Are resumes relevant for hackers?  - AndrewCoyle

Are resumes relevant for hackers? How do we externally present our experiences in the digital age?
======
tptacek
Yes, but don't obsess about them. Prospective employers will usually ask for a
resume. They won't read it very carefully. Remember the cardinal rule of
resumes: the only purpose of a resume is to secure an interview.

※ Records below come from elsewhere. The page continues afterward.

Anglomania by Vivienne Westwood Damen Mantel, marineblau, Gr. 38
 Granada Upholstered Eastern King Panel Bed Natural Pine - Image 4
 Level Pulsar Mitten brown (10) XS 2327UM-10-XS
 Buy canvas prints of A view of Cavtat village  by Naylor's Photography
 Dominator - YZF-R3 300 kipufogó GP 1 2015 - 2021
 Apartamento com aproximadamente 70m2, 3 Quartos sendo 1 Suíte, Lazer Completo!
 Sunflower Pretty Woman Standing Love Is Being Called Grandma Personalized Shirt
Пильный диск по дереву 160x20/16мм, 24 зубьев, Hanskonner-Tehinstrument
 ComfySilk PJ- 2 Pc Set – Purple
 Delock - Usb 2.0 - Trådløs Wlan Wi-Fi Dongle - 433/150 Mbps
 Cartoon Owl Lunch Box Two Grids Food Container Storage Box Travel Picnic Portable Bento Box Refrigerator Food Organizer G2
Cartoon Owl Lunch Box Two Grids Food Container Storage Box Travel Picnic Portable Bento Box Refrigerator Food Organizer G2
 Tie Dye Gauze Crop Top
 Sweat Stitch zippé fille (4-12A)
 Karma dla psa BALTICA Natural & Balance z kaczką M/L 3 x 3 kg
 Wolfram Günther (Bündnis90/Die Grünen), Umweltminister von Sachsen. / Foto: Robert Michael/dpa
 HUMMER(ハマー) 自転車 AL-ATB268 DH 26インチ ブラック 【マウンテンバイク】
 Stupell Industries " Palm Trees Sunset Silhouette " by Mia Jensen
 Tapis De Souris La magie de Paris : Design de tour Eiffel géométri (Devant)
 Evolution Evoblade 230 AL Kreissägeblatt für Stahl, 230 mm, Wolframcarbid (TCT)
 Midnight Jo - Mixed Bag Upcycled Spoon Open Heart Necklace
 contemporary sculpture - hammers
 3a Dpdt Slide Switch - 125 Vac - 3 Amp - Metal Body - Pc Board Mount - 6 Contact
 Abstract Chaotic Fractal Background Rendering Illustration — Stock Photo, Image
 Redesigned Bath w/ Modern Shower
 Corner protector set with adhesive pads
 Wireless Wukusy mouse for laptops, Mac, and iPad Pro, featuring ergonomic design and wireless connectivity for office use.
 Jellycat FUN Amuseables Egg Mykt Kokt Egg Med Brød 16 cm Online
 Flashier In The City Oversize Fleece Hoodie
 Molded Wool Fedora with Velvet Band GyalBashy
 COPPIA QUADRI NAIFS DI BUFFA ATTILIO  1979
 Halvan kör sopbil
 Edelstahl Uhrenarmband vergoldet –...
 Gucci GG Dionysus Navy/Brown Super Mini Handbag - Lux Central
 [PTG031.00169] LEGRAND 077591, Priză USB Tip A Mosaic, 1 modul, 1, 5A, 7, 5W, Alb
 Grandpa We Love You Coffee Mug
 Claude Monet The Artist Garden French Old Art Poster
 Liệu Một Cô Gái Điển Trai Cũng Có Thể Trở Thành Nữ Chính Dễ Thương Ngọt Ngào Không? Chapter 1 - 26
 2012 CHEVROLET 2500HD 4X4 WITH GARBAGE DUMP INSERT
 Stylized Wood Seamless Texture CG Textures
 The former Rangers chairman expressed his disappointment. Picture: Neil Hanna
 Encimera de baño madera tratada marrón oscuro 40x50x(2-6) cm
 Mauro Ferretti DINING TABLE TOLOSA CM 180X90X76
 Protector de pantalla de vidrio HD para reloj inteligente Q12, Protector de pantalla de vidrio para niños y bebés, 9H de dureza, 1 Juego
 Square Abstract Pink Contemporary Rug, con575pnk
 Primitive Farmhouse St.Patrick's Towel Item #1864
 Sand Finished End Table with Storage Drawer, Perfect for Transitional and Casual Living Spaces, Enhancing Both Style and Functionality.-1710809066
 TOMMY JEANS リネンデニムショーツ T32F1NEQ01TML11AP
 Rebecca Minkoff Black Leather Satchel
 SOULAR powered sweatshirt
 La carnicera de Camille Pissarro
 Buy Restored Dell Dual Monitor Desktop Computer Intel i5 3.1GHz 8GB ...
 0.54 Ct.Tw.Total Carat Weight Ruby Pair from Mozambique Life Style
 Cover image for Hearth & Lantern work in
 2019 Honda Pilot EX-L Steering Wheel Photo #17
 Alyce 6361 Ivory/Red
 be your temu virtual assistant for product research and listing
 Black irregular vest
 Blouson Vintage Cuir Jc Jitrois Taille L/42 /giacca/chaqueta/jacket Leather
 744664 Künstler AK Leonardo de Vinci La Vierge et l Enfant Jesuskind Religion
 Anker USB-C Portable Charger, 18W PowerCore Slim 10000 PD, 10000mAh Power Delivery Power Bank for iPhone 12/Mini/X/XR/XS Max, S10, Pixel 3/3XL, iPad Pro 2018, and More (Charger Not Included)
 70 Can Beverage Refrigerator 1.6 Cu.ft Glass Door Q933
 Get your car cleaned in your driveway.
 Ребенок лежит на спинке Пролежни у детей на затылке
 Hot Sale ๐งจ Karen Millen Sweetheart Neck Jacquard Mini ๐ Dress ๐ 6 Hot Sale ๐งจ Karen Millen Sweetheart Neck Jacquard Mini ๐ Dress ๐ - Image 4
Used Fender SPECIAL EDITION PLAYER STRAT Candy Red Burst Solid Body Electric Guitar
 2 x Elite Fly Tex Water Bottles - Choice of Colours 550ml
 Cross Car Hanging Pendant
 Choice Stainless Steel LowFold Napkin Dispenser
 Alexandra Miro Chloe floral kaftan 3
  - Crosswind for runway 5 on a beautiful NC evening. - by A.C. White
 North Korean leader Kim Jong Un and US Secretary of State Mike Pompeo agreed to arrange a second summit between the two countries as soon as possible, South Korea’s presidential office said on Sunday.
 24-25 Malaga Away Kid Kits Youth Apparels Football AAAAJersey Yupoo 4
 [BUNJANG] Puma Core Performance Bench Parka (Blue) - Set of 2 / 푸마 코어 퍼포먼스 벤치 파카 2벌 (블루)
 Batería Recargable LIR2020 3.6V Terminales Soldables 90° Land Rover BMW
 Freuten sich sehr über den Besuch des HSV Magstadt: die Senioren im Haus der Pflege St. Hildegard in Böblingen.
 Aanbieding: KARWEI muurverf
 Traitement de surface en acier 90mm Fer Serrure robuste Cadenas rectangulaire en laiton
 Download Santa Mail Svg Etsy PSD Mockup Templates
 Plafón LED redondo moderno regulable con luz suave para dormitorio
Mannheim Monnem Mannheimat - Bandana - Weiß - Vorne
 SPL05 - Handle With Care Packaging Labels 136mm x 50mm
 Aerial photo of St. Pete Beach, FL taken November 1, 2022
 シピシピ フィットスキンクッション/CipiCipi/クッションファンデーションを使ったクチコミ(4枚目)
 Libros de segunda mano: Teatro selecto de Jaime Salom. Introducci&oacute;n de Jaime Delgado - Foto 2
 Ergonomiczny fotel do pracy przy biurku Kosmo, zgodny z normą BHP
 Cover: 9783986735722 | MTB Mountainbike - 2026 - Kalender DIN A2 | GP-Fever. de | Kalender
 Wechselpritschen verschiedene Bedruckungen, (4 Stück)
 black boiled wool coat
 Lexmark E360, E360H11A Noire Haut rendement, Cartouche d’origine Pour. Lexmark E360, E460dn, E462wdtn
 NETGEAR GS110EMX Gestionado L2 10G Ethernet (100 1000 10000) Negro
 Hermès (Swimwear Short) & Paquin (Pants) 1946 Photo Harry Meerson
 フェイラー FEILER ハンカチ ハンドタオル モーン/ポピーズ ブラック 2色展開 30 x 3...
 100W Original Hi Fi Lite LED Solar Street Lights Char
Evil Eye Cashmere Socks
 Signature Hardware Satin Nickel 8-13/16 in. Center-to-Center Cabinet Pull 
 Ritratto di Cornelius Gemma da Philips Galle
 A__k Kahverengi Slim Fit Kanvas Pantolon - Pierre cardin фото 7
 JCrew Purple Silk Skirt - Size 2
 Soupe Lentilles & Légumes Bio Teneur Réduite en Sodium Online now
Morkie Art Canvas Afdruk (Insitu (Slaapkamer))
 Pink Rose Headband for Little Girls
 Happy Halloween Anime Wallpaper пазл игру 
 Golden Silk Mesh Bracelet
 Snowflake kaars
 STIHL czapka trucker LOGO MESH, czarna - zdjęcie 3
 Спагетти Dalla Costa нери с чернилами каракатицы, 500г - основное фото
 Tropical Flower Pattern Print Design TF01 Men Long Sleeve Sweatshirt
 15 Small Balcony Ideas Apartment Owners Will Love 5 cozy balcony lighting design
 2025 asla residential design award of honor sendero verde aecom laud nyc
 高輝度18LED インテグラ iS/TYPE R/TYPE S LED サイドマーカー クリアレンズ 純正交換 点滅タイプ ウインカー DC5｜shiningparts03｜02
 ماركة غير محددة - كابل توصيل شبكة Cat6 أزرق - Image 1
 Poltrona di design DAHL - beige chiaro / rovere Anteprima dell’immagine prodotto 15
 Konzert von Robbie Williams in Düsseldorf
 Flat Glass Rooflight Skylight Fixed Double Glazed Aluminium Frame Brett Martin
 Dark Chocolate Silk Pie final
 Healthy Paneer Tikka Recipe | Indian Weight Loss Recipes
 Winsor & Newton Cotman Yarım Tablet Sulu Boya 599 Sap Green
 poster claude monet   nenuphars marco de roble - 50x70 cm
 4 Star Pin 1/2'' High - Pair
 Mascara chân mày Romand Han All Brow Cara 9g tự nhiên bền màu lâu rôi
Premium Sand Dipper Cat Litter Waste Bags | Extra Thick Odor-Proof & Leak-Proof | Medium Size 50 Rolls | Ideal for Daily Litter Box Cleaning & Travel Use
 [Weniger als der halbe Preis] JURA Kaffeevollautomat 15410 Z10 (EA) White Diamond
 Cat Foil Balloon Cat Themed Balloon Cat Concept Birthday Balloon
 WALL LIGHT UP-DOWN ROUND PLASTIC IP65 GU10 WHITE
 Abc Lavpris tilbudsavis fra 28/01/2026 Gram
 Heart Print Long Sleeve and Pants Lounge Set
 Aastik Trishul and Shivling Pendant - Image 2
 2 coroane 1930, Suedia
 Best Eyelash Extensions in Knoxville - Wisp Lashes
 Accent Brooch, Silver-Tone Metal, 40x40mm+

If you work for BigCos or as something in tech other than a developer,
Linkedin might matter as much as your resume (you still need one, though). If
you're a startup dev, Github can have a similar impact.

------
ig1
It's not a case of "relevant for hackers" vs "relevant for everyone else" but
how you source jobs.

If you're getting jobs via your network then a resume will largely be
unimportant, if you're applying through formal channels then you'll likely
need a resume.

Portfolio based resumes are mostly popular for more creative roles such as
designers than for hackers at the moment. Even if you're supplying a link to
your github it's still likely that a potential employer will check your
Linkedin.

It's unlikely that an employer will spend a lot of time routing around in your
github account to evaluate you so you still need to show up front that you're
worth spending the time to evaluate and the best way to do that is still a
cover letter or a resume.

------
phantom_oracle
Depending on the company/country, resumes seem somewhat irrelevant.

I've noticed a lot of startup or otherwise young high-tech web/IT companies
that simply ask for your GitHub account.

In the country I live in, you need a resume and a degree (even if your degree
is taught you nothing about something like MVC).

I would also suspect that the bigger a firm grows, it becomes more difficult
to:

"hey, I saw you write some awesome Rails gem for automated mailing, my firm
needs you."

HR processes and bureaucracy are to blame. Then again, no firm wants to deal
with a part-time drug-dealer on their payroll when they have 5000 people to
manage.